--- Supplied information Enclosed Below ---

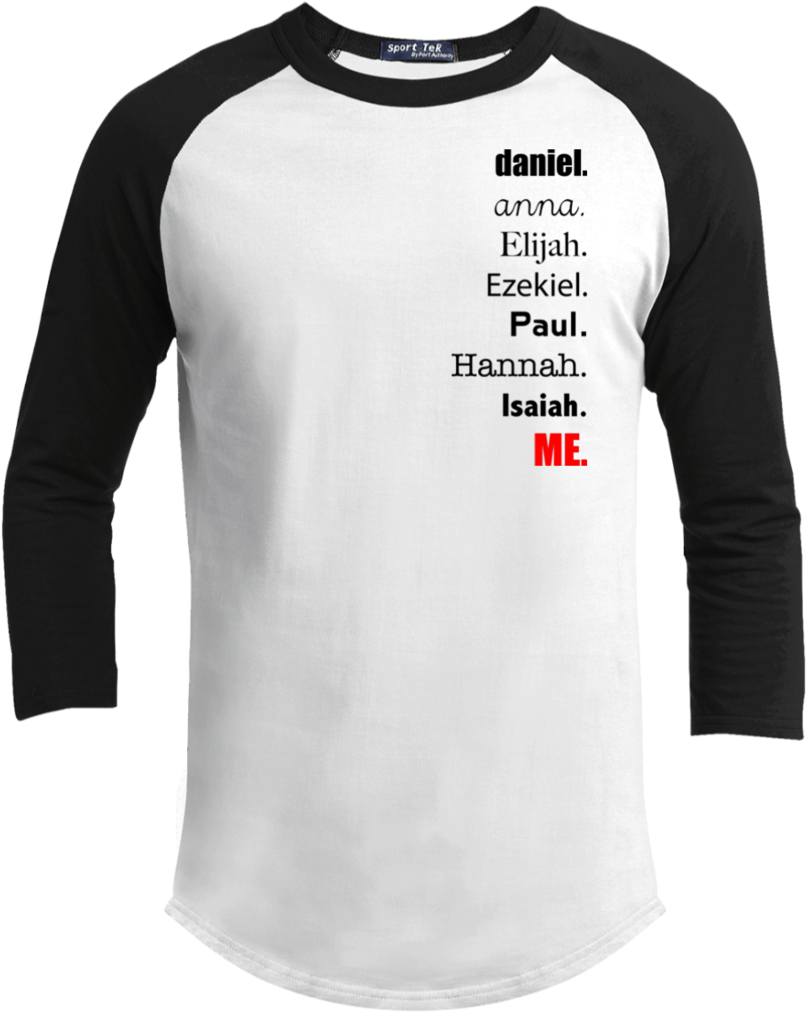 Maleta Hill Custom Shirt - Sporty T Shirts (1024x1024), Png Download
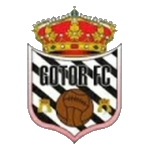 Gotor FC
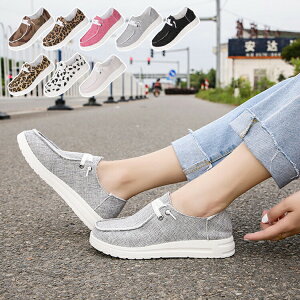 Xj[J[ fB[X [Jbg LoX 傫TCY  ₷ ؂ fB[XV[Y 22.5-26.5cm  ʊw ʋ d  y ɂ ₷ 30 40 50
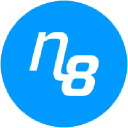 Neutrino8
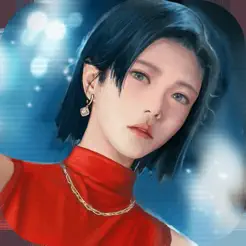 匿名爱‪人‬
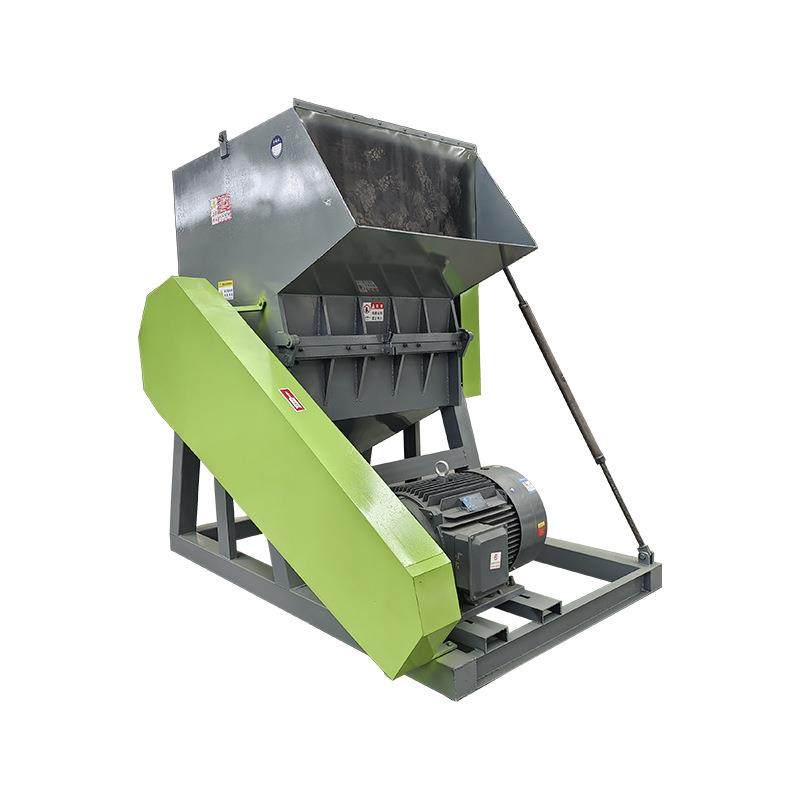 多功能塑料粉碎机水果筐饮料瓶塑料玩具破碎机托盘油壶粉碎设备,淘宝优惠券,粉丝福利购,淘宝优惠卷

--- End of Enclosed Supplied information ---

◆ Directions for this task: Because the pictures are not wanted, retype only the text of every record, exactly as given.

◆ Solution:
 Maleta Hill Custom Shirt - Sporty T Shirts (1024x1024), Png Download
 Gotor FC
 Xj[J[ fB[X [Jbg LoX 傫TCY  ₷ ؂ fB[XV[Y 22.5-26.5cm  ʊw ʋ d  y ɂ ₷ 30 40 50
 Neutrino8
 匿名爱‪人‬
 多功能塑料粉碎机水果筐饮料瓶塑料玩具破碎机托盘油壶粉碎设备,淘宝优惠券,粉丝福利购,淘宝优惠卷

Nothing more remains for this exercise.